Data storage using spintronics
15 April 2009
News
Information from Frost & Sullivan Technical Insights
The demand for information storage is increasing at an exponential rate, which is leading the research community to look for new avenues to encode and pack data more densely.
One of the most promising emerging technologies in this regard is spintronics, which exploits the intrinsic spin of an electron and its associated magnetic moment. Electronic components, which are sensitive to external magnetic fields, enable magnetically-encoded data to be very densely packed, making data storage solutions with higher capacities possible.
Spintronics has the potential to facilitate low-power circuits at the quantum level and promises the ability to combine communication, memory and logic on a single chip. However, one of the major challenges in achieving this goal is ensuring efficient transfer of spin in these devices. While it is understood that changing the materials would be likely to improve the efficiency of spin transfer, it is difficult to predict the effects different materials would have on the spin characteristic.
Researchers from the Queen Mary University of London and Switzerland-based Paul Scherrer Institute, have now been able to address the above challenges by becoming the first to measure how magnetic polarisation is lost. The resulting improved understanding of the workings of electronic devices using the spin degree of freedom, and the field of organic spintronics in general, finally paves the way for ensuring higher efficiencies in spin transfer, and thus for the future of spin-based electronic devices.

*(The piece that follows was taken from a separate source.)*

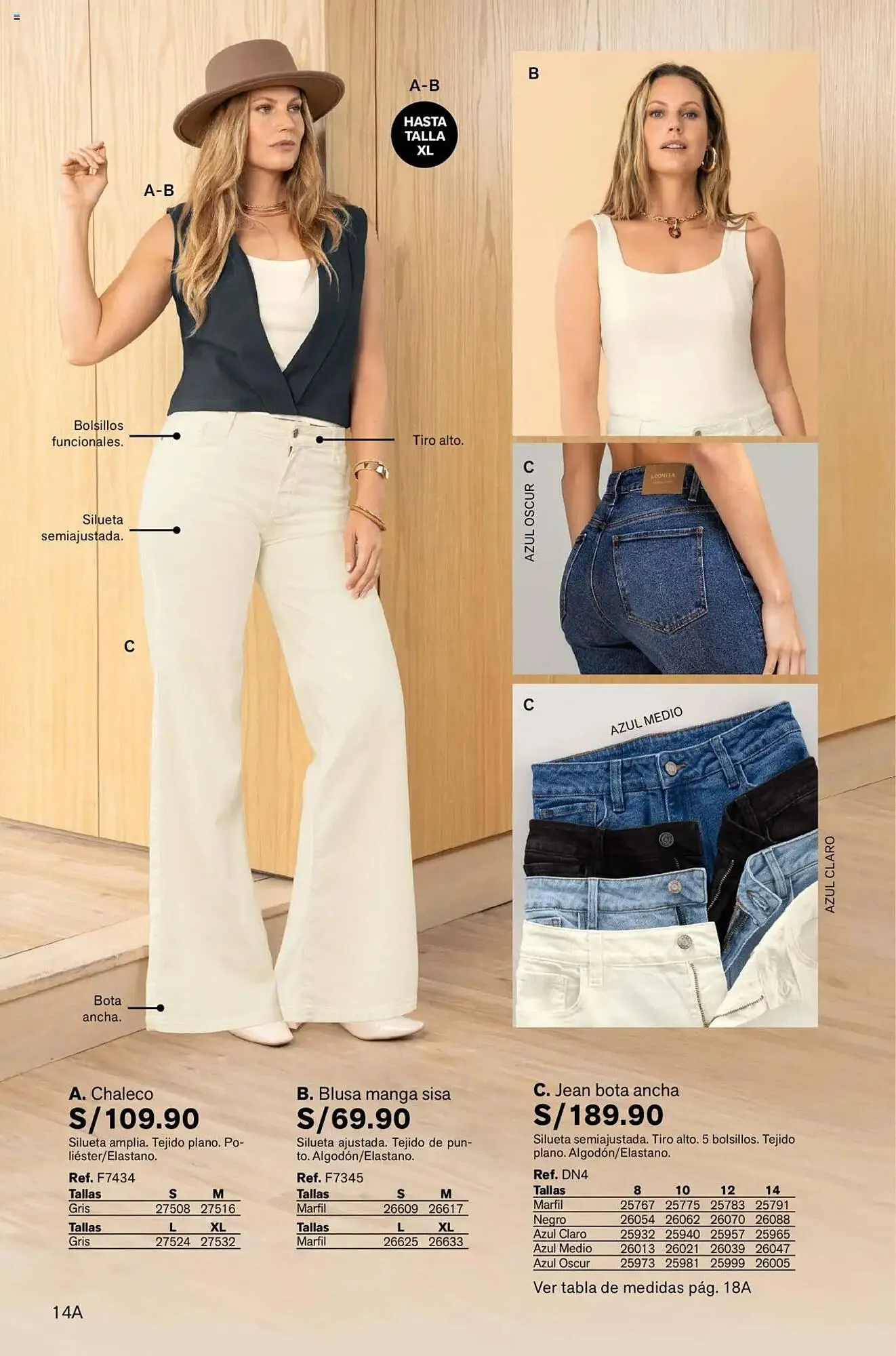 Catalogo de Catálogo Leonisa 1 de octubre al 31 de octubre 2025 - Pag 14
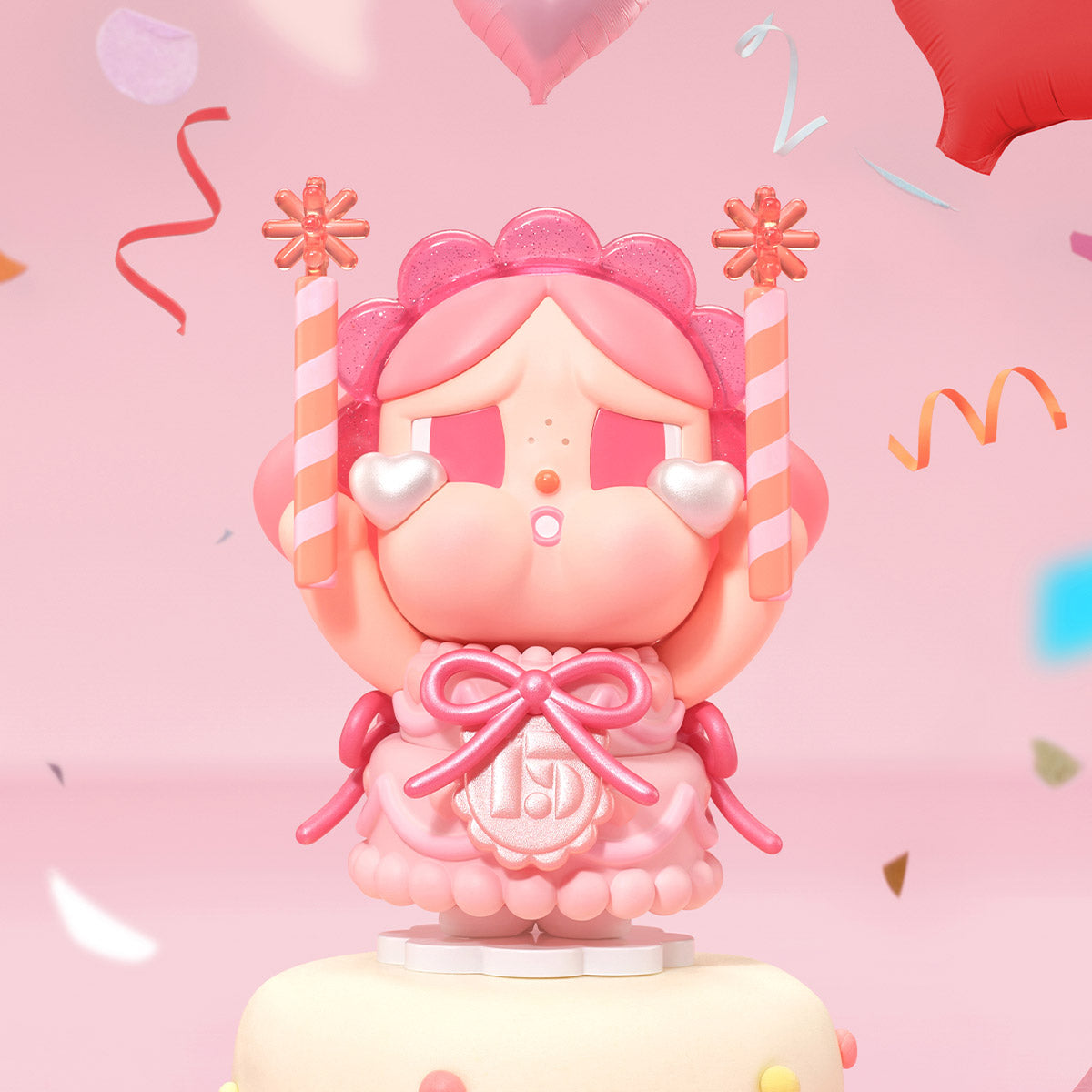 999. Celebrating the Moment POP MART 15th Anniversary Series Figures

The researchers came out with a new depth-resolved technique for measuring the spin polarisation of current-injected electrons in an organic spin valve and found that the temperature dependence of the measured spin diffusion length was correlated to the device’s magneto-resistance. The scientists used elementary particles called muons that act as tiny magnets, to measure the magnetic field within the device.
Spin valves are usually made up of at least three layers – two magnetic layers separated by a non-magnetic one – and the team attempted to investigate how spins travel across the middle of these layers. It is believed that the research team’s findings are quite significant both to the understanding of spintronic devices, and to the eventual development of next generation data storage solutions and other novel devices and applications.